TASK DETAILS
For the entries below, the result should be an exact transcription of the lines from the one with "Volkswagen Polo Volkswagen" up to and including the one with "2022 Jeep Compass Altitude", and only those.

Crawled caption data:
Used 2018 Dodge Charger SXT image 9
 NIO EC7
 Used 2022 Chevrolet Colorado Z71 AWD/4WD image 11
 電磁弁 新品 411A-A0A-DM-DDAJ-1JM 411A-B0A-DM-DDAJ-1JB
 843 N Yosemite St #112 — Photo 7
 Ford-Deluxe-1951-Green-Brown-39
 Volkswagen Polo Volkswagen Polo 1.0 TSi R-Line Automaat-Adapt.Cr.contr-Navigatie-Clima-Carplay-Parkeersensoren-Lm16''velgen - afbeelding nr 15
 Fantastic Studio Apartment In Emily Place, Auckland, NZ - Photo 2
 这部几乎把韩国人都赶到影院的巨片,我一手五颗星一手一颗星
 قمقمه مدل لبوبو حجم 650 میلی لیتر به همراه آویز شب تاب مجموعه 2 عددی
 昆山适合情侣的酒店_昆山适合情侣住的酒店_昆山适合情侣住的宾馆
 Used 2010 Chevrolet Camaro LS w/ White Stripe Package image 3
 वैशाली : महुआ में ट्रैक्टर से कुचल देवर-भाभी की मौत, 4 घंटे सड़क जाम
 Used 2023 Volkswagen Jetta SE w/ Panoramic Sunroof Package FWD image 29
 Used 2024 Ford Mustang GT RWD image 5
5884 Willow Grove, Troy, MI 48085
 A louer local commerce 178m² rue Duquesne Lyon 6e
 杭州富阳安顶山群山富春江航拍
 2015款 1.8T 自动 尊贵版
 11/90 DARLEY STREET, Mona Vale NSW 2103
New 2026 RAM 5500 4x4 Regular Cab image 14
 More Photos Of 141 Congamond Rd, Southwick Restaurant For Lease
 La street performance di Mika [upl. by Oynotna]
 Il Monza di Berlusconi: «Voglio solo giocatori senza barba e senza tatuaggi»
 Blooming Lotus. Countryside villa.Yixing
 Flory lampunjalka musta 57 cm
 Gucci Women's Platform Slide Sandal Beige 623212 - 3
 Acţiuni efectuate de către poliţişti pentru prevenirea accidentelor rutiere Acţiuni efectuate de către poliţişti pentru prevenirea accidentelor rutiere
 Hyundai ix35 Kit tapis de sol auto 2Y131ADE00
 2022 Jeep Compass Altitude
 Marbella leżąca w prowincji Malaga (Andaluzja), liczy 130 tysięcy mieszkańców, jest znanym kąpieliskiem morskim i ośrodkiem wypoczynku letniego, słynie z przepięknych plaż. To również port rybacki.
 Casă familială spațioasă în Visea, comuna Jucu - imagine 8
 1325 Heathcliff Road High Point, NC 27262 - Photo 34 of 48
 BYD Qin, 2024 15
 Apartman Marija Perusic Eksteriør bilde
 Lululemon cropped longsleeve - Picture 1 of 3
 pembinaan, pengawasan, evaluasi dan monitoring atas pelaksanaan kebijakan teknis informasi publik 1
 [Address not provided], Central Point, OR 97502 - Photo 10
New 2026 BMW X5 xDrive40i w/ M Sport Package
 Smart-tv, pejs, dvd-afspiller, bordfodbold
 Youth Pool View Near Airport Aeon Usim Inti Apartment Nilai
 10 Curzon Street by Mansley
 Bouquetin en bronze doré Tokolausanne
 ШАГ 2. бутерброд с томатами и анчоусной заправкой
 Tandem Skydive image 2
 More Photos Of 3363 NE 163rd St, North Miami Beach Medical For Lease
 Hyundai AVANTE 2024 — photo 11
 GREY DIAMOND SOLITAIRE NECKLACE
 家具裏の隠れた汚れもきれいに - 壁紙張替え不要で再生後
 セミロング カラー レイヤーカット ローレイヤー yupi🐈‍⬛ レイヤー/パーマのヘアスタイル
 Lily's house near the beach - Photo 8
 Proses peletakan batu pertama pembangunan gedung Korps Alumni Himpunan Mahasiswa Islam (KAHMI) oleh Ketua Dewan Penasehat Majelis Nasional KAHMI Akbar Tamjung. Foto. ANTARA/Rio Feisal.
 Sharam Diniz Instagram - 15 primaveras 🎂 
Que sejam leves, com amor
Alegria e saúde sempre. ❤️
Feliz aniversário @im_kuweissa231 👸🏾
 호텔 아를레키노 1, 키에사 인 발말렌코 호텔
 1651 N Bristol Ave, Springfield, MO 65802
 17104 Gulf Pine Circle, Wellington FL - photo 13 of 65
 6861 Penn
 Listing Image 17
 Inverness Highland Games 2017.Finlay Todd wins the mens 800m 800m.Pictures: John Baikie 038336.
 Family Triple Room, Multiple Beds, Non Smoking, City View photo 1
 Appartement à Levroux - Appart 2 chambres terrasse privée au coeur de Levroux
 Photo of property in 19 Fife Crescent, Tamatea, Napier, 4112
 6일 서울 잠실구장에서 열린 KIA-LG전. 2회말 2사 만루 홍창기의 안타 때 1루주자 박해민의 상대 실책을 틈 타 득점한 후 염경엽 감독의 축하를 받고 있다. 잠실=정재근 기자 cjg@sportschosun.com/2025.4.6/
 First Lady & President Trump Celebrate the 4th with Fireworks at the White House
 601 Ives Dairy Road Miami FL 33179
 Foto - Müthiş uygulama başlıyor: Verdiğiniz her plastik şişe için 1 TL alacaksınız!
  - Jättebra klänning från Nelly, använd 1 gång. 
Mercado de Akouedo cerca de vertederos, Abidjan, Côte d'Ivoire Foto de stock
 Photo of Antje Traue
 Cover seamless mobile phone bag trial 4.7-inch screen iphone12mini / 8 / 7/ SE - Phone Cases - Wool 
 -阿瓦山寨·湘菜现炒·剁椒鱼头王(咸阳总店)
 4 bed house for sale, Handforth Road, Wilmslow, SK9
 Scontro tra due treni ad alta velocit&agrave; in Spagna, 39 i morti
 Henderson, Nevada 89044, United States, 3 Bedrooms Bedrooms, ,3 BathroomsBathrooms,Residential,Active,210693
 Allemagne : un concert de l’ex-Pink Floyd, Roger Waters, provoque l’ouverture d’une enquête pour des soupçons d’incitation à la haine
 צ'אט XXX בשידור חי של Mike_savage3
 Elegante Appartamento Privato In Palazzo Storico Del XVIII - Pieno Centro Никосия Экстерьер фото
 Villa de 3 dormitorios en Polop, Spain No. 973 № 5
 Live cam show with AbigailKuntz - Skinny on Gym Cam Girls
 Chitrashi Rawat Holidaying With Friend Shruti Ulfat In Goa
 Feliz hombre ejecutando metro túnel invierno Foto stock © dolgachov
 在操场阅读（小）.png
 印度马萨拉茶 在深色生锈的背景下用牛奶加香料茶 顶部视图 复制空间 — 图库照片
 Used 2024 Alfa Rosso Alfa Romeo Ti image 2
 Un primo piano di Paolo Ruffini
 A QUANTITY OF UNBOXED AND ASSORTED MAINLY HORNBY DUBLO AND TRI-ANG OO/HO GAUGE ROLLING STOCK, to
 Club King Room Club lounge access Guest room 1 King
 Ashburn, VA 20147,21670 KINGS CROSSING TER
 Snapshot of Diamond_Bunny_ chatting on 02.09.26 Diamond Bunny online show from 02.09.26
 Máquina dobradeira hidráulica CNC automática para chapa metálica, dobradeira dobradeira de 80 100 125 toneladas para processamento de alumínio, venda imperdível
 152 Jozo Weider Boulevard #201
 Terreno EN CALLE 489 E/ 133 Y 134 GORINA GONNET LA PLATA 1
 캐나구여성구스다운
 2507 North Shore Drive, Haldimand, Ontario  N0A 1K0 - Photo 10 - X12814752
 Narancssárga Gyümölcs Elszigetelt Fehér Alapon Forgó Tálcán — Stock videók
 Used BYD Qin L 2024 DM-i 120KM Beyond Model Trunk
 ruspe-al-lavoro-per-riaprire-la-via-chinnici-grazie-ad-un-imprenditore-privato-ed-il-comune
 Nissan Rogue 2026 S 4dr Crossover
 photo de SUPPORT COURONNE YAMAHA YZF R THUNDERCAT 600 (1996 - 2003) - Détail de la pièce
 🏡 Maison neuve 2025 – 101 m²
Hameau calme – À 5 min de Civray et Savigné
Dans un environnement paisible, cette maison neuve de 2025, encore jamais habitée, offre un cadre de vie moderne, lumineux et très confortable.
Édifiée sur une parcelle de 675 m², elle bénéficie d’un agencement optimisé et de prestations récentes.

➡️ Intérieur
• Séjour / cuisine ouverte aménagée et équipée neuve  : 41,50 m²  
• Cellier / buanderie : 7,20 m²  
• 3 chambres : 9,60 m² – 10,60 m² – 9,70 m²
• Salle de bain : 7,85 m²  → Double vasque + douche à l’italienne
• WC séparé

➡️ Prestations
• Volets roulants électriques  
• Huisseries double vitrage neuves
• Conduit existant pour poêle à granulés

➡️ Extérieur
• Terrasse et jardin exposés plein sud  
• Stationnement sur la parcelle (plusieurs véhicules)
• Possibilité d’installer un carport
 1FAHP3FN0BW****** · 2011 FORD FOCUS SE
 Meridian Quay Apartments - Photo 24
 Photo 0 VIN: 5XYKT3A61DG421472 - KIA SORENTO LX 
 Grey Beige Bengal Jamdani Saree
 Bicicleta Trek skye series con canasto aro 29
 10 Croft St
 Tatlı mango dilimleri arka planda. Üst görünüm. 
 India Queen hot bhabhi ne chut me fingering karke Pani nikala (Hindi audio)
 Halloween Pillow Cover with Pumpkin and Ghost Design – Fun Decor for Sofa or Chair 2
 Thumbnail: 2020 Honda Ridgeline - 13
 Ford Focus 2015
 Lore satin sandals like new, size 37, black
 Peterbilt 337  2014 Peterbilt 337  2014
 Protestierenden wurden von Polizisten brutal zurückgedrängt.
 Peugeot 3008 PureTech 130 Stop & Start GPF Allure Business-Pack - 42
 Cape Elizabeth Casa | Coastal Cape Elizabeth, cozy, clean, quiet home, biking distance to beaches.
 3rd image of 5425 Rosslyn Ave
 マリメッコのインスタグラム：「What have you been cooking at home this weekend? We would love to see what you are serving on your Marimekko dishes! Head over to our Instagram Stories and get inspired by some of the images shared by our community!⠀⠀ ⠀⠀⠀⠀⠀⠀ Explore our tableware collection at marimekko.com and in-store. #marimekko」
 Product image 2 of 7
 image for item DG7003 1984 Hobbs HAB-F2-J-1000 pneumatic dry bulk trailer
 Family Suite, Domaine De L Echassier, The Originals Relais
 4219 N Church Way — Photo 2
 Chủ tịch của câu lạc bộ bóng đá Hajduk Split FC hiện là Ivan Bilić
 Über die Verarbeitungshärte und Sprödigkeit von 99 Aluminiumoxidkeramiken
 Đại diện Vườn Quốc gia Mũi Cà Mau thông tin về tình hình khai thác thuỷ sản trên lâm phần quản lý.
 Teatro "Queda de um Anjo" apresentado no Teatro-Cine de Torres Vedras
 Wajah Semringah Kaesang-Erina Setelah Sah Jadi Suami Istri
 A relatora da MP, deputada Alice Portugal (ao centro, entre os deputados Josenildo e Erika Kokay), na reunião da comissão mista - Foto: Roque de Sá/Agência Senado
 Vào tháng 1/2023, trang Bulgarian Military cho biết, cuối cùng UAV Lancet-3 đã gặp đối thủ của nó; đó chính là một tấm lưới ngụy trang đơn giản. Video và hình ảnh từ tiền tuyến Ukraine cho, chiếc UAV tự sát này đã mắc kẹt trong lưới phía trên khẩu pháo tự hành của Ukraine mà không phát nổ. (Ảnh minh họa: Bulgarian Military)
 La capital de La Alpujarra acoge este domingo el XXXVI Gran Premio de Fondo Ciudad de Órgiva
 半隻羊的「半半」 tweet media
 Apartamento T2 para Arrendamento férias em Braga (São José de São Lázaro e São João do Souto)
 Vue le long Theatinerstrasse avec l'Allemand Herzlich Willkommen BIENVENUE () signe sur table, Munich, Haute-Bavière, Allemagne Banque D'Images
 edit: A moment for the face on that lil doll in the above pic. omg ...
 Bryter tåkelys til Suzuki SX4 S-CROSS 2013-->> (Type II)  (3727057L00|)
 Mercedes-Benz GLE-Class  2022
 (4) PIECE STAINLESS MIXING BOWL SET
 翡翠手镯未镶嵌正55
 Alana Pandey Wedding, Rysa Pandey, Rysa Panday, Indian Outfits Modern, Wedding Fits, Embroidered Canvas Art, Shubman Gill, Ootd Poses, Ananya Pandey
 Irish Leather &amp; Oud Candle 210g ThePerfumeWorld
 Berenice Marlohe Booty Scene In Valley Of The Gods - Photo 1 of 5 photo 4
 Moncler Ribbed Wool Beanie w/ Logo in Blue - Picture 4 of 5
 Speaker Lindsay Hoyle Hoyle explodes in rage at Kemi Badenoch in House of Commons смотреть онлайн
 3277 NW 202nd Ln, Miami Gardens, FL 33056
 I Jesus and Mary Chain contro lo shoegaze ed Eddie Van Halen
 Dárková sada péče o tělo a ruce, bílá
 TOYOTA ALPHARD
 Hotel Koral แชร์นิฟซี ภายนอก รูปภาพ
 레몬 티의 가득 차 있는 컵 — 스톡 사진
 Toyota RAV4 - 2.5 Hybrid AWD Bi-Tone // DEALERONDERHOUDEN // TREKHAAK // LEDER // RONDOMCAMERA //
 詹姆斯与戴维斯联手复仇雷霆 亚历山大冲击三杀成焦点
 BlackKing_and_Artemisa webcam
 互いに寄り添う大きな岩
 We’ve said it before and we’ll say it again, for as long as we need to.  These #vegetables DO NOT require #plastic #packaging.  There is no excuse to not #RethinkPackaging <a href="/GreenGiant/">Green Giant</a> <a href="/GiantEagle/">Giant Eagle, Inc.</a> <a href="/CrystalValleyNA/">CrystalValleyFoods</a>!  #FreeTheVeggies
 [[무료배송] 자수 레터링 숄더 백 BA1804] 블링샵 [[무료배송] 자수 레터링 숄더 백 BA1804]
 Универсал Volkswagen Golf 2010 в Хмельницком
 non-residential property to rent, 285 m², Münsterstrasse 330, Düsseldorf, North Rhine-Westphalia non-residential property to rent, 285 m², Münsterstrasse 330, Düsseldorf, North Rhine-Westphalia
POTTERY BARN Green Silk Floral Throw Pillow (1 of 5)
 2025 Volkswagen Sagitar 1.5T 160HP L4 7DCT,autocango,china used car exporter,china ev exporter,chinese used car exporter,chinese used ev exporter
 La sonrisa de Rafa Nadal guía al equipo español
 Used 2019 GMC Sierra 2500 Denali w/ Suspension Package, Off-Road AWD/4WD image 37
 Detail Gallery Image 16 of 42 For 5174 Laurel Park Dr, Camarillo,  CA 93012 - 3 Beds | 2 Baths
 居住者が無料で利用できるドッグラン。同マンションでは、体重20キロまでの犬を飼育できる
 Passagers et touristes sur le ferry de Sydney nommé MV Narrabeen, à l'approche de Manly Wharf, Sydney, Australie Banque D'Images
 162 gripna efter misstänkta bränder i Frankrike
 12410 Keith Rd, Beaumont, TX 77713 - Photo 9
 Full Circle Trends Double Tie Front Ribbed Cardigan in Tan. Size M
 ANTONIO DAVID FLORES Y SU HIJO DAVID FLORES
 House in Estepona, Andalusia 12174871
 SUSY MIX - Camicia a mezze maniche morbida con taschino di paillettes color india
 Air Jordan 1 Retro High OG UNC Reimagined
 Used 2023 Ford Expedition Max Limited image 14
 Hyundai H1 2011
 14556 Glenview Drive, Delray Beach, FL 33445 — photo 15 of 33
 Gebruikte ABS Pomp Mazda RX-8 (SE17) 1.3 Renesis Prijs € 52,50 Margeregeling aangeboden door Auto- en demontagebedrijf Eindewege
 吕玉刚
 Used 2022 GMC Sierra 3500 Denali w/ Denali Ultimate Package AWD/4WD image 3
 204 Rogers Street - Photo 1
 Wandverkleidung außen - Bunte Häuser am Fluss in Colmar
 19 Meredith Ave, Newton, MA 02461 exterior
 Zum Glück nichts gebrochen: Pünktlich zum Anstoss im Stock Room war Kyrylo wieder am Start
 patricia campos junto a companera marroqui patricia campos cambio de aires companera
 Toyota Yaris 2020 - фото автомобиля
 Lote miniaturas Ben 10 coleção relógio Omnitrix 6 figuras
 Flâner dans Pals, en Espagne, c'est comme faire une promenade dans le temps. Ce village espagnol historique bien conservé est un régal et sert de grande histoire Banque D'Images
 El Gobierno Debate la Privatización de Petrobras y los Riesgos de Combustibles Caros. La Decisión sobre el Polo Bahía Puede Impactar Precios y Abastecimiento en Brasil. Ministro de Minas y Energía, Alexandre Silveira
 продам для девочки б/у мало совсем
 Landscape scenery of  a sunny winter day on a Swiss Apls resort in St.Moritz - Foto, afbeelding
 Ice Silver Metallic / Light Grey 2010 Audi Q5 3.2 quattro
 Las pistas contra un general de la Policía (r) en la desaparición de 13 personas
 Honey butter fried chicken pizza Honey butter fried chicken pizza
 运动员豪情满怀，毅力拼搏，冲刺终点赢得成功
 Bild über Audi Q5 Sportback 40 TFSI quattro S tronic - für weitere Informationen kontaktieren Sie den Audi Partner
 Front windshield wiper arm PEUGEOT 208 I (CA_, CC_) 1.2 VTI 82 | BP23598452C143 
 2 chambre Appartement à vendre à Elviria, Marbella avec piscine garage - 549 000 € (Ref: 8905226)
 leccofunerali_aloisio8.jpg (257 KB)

WRITTEN REPLY
 Volkswagen Polo Volkswagen Polo 1.0 TSi R-Line Automaat-Adapt.Cr.contr-Navigatie-Clima-Carplay-Parkeersensoren-Lm16''velgen - afbeelding nr 15
 Fantastic Studio Apartment In Emily Place, Auckland, NZ - Photo 2
 这部几乎把韩国人都赶到影院的巨片,我一手五颗星一手一颗星
 قمقمه مدل لبوبو حجم 650 میلی لیتر به همراه آویز شب تاب مجموعه 2 عددی
 昆山适合情侣的酒店_昆山适合情侣住的酒店_昆山适合情侣住的宾馆
 Used 2010 Chevrolet Camaro LS w/ White Stripe Package image 3
 वैशाली : महुआ में ट्रैक्टर से कुचल देवर-भाभी की मौत, 4 घंटे सड़क जाम
 Used 2023 Volkswagen Jetta SE w/ Panoramic Sunroof Package FWD image 29
 Used 2024 Ford Mustang GT RWD image 5
5884 Willow Grove, Troy, MI 48085
 A louer local commerce 178m² rue Duquesne Lyon 6e
 杭州富阳安顶山群山富春江航拍
 2015款 1.8T 自动 尊贵版
 11/90 DARLEY STREET, Mona Vale NSW 2103
New 2026 RAM 5500 4x4 Regular Cab image 14
 More Photos Of 141 Congamond Rd, Southwick Restaurant For Lease
 La street performance di Mika [upl. by Oynotna]
 Il Monza di Berlusconi: «Voglio solo giocatori senza barba e senza tatuaggi»
 Blooming Lotus. Countryside villa.Yixing
 Flory lampunjalka musta 57 cm
 Gucci Women's Platform Slide Sandal Beige 623212 - 3
 Acţiuni efectuate de către poliţişti pentru prevenirea accidentelor rutiere Acţiuni efectuate de către poliţişti pentru prevenirea accidentelor rutiere
 Hyundai ix35 Kit tapis de sol auto 2Y131ADE00
 2022 Jeep Compass Altitude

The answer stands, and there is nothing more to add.